PROMISES UPON REQUEST

KIT – Karlsruhe Architecture Symposium – October 20-21, 2023

Growing climate awareness puts architects in a position to comply with more and more specific demands from society, targeting the core of the profession from the outside. In response to these demands, positions emerged within the discipline, promising sustainable approaches to ecological resilience, social inclusion, and economic responsibility:

The Promise of Participation
Participation challenges the idea of the architect as sole author. Built upon the idea of "Nothing about us without us," architects no longer serve as the principal decision-makers; instead, they act as mediators of the interests negotiated by others.

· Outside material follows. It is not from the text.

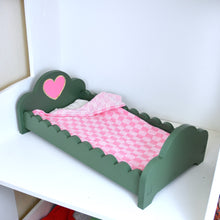 Load image into Gallery viewer, Green Scalloped Doll Bed with Heart Headboard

To what extent can this shifted role still produce what was formerly known as architecture? Does the promise of participation lead to “Architecture without Architects”, or rather to “Architects without Architecture”?

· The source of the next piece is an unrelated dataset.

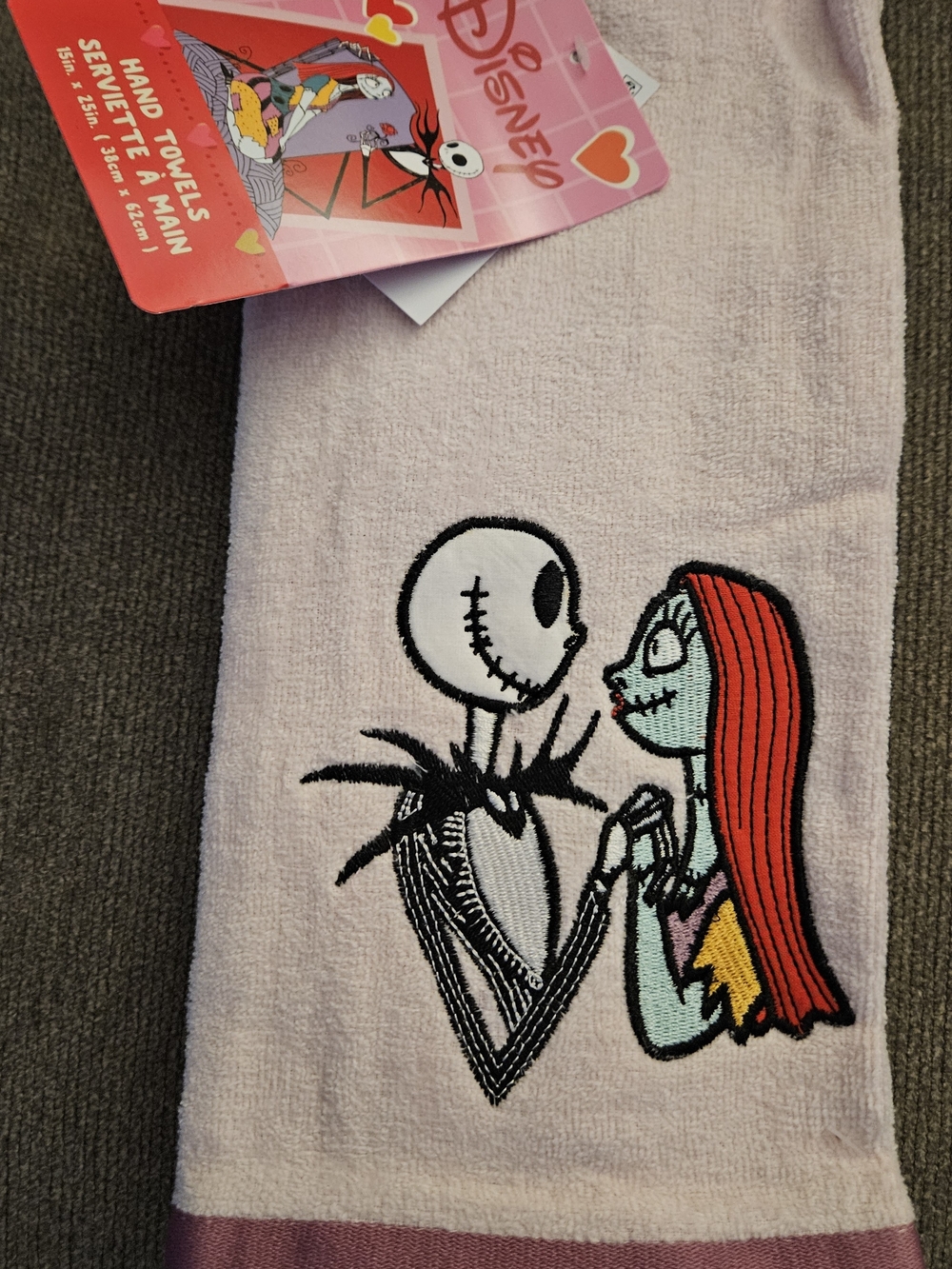 Disney Jack & Sally Kitchen 2 Hand Towels Nightmare Before Christmas Movie RARE!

The Promise of Climate Design
Advancements in scientific research have opened up new avenues for designing and controlling climates. Data production and collection become key to evaluating architectural projects. The emergence of new models questions the adaptation and updating of past architectural constructions. Does the promise of climate design narrow the discipline to aspects that can be simulated, measured and controlled?
The Promise of Circularity
If we consider buildings as temporary configurations of components to be reused or designed for future disassembly, we risk reducing buildings to nothing but the sum of their parts.

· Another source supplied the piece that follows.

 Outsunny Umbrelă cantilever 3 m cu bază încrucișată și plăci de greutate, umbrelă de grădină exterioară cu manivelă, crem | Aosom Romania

Does the promise of circulation and a known afterlife for all components of a building fall in the same trap as previous attempts to control the future of a man-made system? Do we really want to extinguish decay and prevent the ruin?
The Promise of Agency
Professionalized developers drain a substantial amount of money from construction and project development, enticing architects to promote self-initiated projects and identify alternative funding strategies. To shift agency to those outside of the conventional power structures that shape the built environment promises political and social relevance for architecture. 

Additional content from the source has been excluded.